Depth-First Iterative Deepening (DFID) search combines the best features of breadth-first search and depth-first search. Depth-First Iterative Deepening search first performs a depth-first search to depth one, then starts over, executing a complete depth-first search to depth two, and continues to run depth-first searches to successively greater depths, until a solution is found.
Since it never generates a node until all shallower nodes have been generated, the first solution found by Depth First Iterative Deepening search is guaranteed to be along a shortest path. Moreover, since at any given point it is executing a depth-first search, saving only a stack of nodes, and the algorithm terminates when it finds a solution at depth d, the space complexity of DFID is only O(d).
Although it appears that Depth First Iterative Deepening (DFID) search wastes a great deal of time in the iterations prior to the one that finds a solution, this extra work is usually insiginificant. To see this, note that the number of nodes at depth d is b^2, and each of these nodes are generated once, during the final iteration. The number of nodes at depth d-1 is b^d-1, and each of these are generated twice, once during the final iteration, and once during the penultimate iteration.
In general, the number of nodes generated by DFID is b^d + 2b^d-1 + 3b^d-2 +… + db. This is asymptomatically O(b^d) if b is greater than one, since for larger values of d the lower order terms become insignificant. In other words, most of the work goes into the final iteration, and the cost of the previous iterations is relatively small. The ratio of the number of nodes generated by DFID to those generated by breadth-first search on a once is approximately b/(b-1). In fact, depth first iterative deepening is asymptomatically optimal in terms of time and space among all brute-force shortest path algorithms on a tree.
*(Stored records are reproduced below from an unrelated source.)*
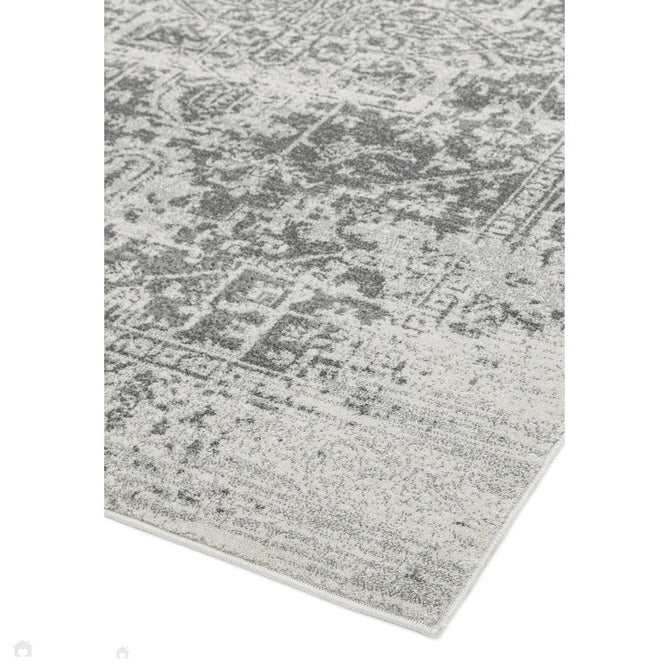 Nova NV10 Antique Traditional Medallion Border Durable Easy-Care Polypropylene Short Pile Grey/Cream Rug-Asiatic Carpets-Rug Love - The Most Loved Rug Store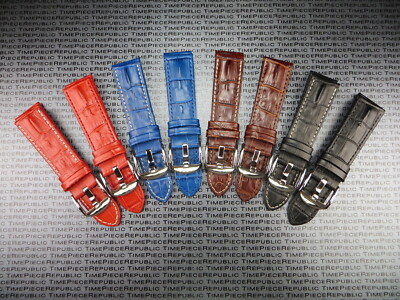 22mm Black Alligator Hornback Grain Leather Strap for BREITLING Watch Band  Red UK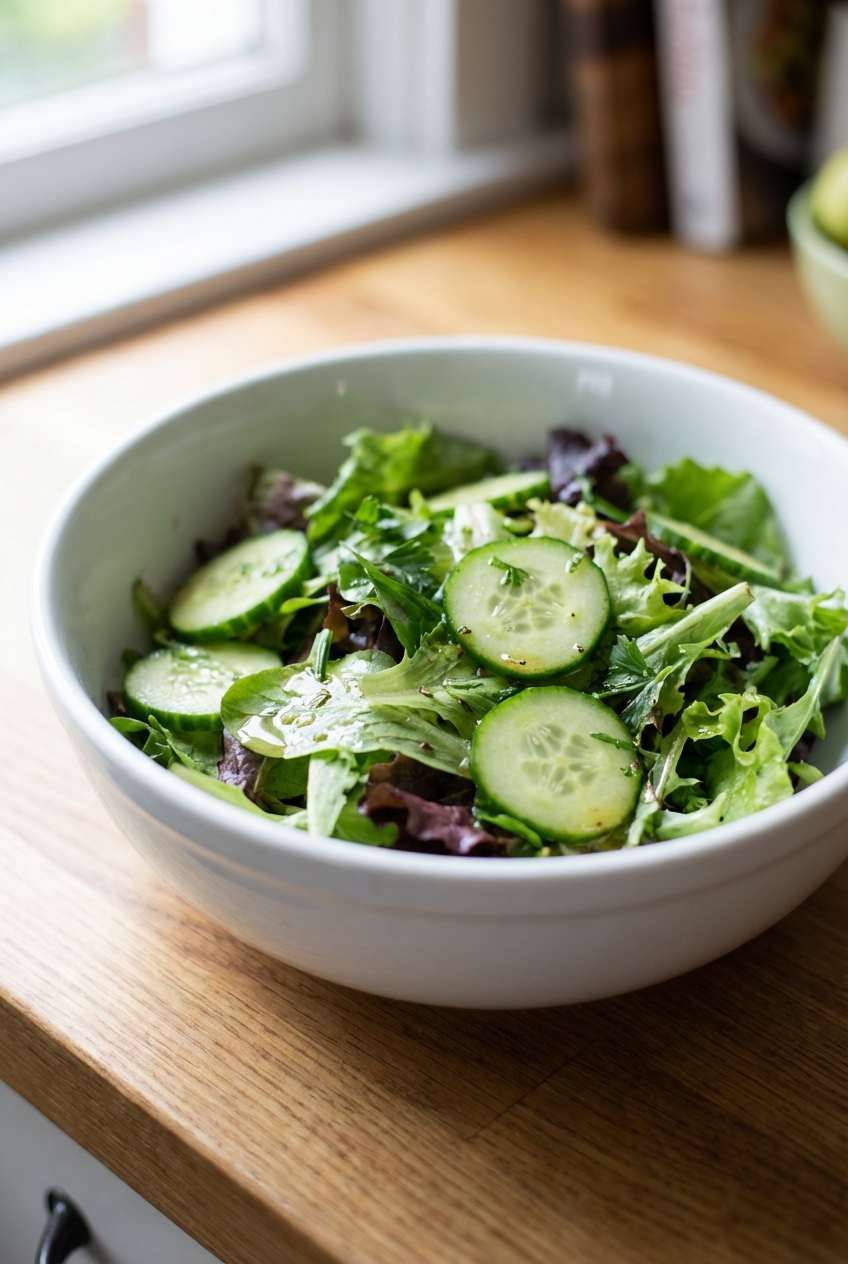 A simple green salad with cucumbers and a light vinaigrette in a white bowl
If the edge costs differ from one another then one can run an iterative deepening version of uniform-cost search, where the depth cutoff is replaced by a cutoff on the g(n) cost of a node. At the end of each iteration, the threshold for the next iteration is set to the minimum cost of all nodes generated on the previous iteration whose cost exceeded the previous threshold.
In a graph with cycles, however, breadth-first search may be much more efficient than any depth-first search. The reason is that a breadth-first search can check for duplicate nodes whereas a depth-first search cannot. Thus, the complexity of breadth-first search grows only as the number of nodes at a given depth, while the complexity of depth-first search depends on the number of paths of a given length. For example, in a square grid, the number of nodes within a radius r of the origin is O(r^2), whereas the number of paths of length r is O(3^r), since there are three children of every node, counting its parent. Thus, in a graph with a large number of very short cycles, breadth-first search is preferable to depth-first search, if sufficient memory is available.